Ce n’est pas le lieu ici de porter un jugement sur les politiques migratoires des pays européens, ni sur les arrangements avec des gouvernements ou des clans qui en tiennent lieu. Le sujet est trop compliqué pour prétendre le résoudre avec des idées simples. Mais le message du jury du Prix Seligmann est clair : il est du côté de ceux qui souffrent et de ceux qui leur apportent aide et assistance.

Il déplore donc l’immobilisation de l’Aquarius pour les sauvetages qu’il n’est plus en mesure d’assurer et pour le symbole des obstacles dressés devant ses missions. En attribuant un prix à Madame Rajablat, le jury du Prix Seligmann rend hommage aux anonymes, aux associations, aux ONG qui, quel que soit le prix à en payer parfois, choisissent d’aider leurs semblables. Gageons que plus ils seront nombreux, plus les politiques publiques se rallieront à leur philosophie.

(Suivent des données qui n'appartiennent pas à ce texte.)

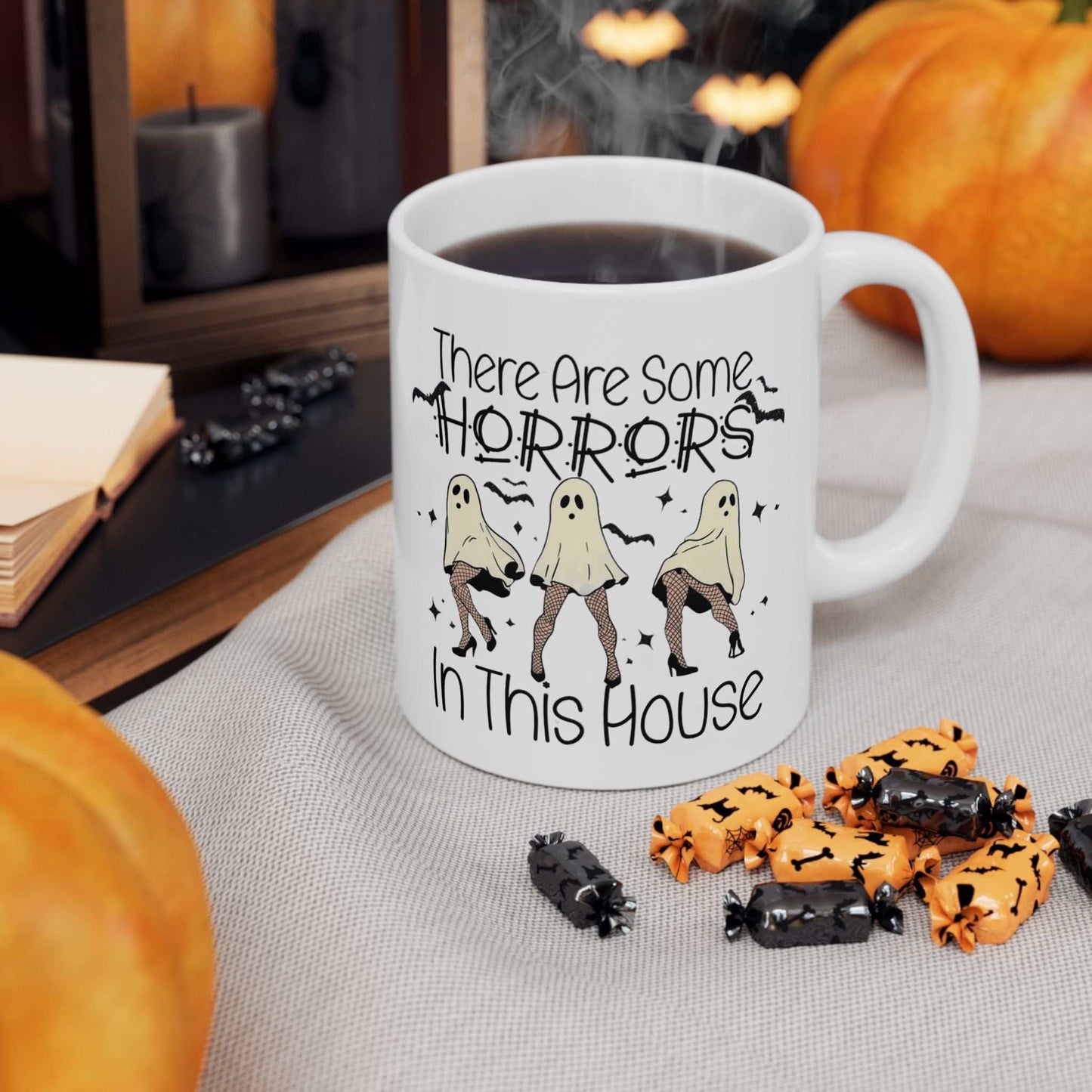 Funny Halloween mug with ghost design and text, perfect for festive coffee moments.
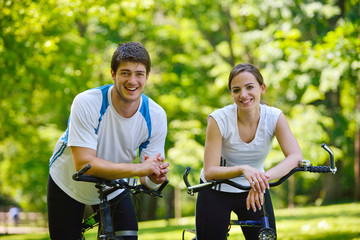 Wall Mural - Happy couple riding bicycle outdoors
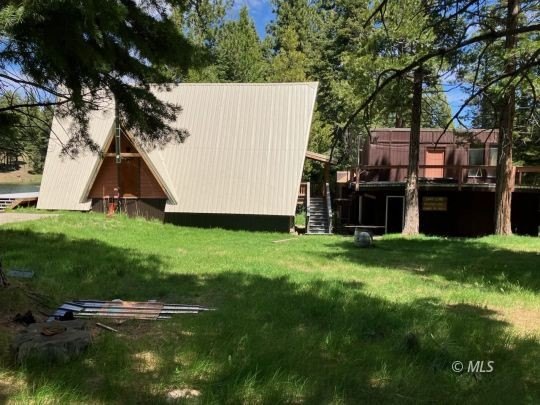 The main A-frame house and two smaller A-frame cabins over - photo 11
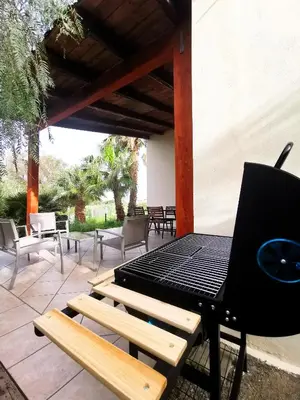 a grill sitting on a picnic table on a patio at L'oasi nello Zingaro in Scopello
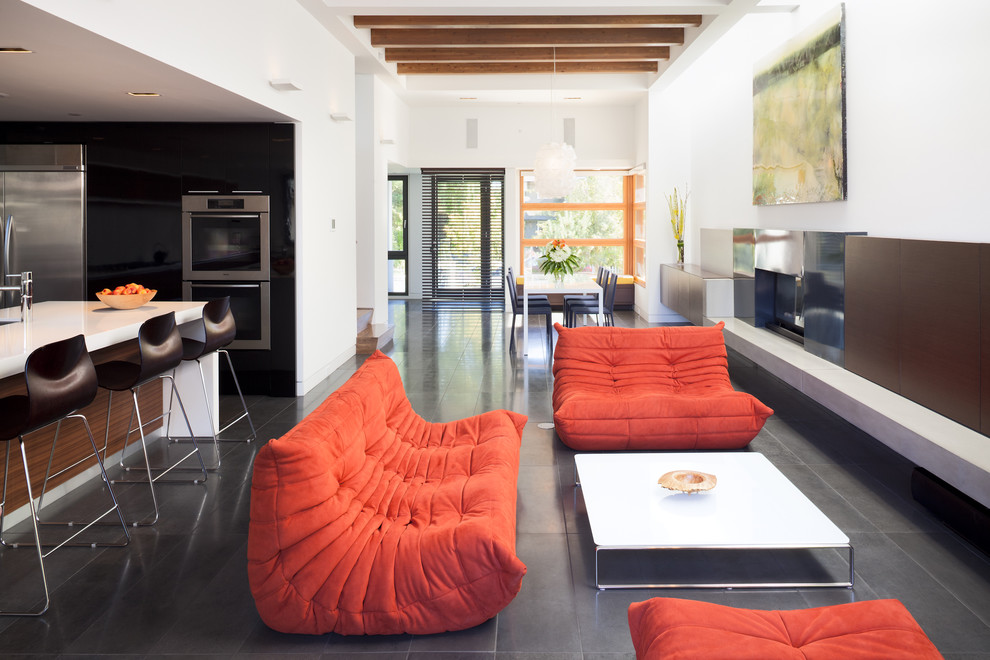 Example of a trendy open concept living room design in Vancouver with white walls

Je souhaite conclure ce bref propos pour laisser la parole aux personnes honorées ce jour en évoquant un troisième livre : « Les mythes fondateurs de l’antisémitisme » de Carol Iancu. Le jury n’a pas pu lui attribuer un prix pour les raisons que j’ai dites. Mais il a tenu à lui décerner une mention spéciale pour souligner l’intérêt de cet ouvrage dont le titre est évocateur. Tout en récusant dès le début de son livre l’idée d’un antisémitisme éternel, Monsieur Iancu explique que cet antisémitisme vient de loin, de l’Antiquité, et donne à penser que son extinction, du moins sous nos tropiques, n’est pas pour demain. Et nous le voyons bien : que survienne une crise au Moyen Orient ou ailleurs, ou que surgisse une crise sociale, comme actuellement dans notre pays, et les ressorts de l’antisémitisme, qui n’avait pas disparu mais s’étaient tapis dans l’ombre, ressurgissent.

Au nom du jury du Prix Seligmann, je remercie les lauréats et Monsieur Iancu pour la part d’humanité qu’ils apportent, malgré les souffrances qu’ils ont endurées et endurent, et malgré celles dont ils ont été témoins ou dont ils témoignent. Qu’ils sachent que nous sommes à leurs côtés dans leurs combats.

Je vous remercie.

 

Discours de Samuel Sandler, lauréat du prix Seligmann 2018 : 

Monsieur le chancelier des universités,
Madame et Messieurs les membres du jury,
Mesdames et Messieurs,
Chers amis,

Je tiens tout d’abord à exprimer aux membres du jury du prix Seligmann m’a très profonde gratitude, pour le choix qu’ils ont fait en m’attribuant ce prix.

Prix qui récompense un écrit consacré à la lutte contre le racisme.

En ce jour de 19 mars, jour anniversaire de l’attentat antisémite devant l’école Otsar Hatorah de Toulouse, ce prix distingue avant tout le devoir de mémoire envers les victimes : mon fils Jonathan, mes petits-fils Arié et Gabriel et leur petite cousine Myriam.

Ce prix je le partage aussi avecmon éditeur Grasset , qui m’a invité et encouragé à écrire Souviens-toi de nos enfants, et naturellement avec Emilie Lanez, nos plumes et encrier ont fusionné…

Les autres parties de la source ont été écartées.